* [Records to process]
☆ ☆ ☆

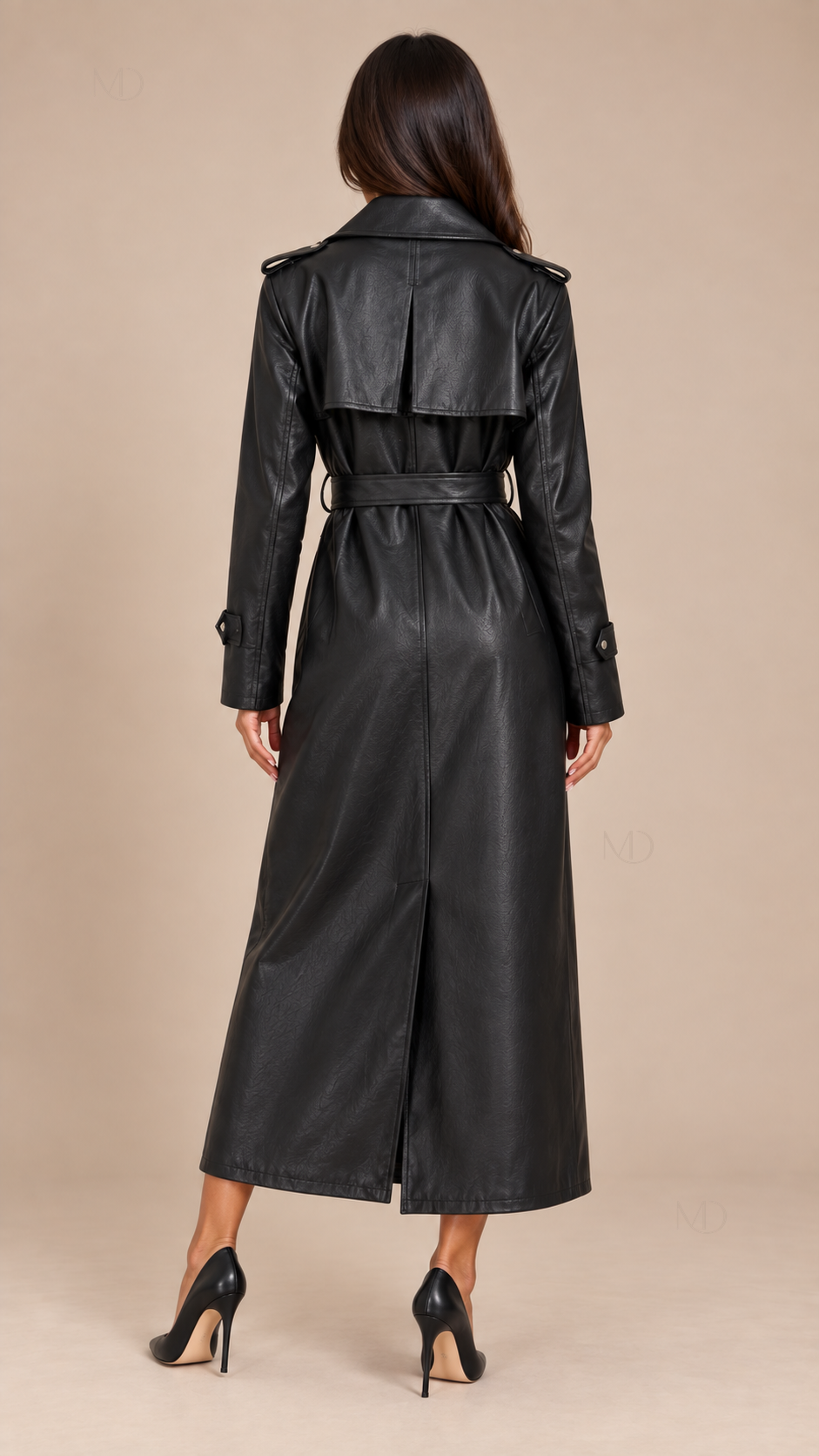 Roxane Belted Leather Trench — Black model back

☆ ☆ ☆

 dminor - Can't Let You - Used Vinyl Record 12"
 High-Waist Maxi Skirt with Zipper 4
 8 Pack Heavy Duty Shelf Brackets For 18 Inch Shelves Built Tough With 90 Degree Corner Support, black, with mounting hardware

☆ ☆ ☆

* [What you will do]
Among the entries, copy every line containing the word "with".

* [Solution to this exercise]
 High-Waist Maxi Skirt with Zipper 4
 8 Pack Heavy Duty Shelf Brackets For 18 Inch Shelves Built Tough With 90 Degree Corner Support, black, with mounting hardware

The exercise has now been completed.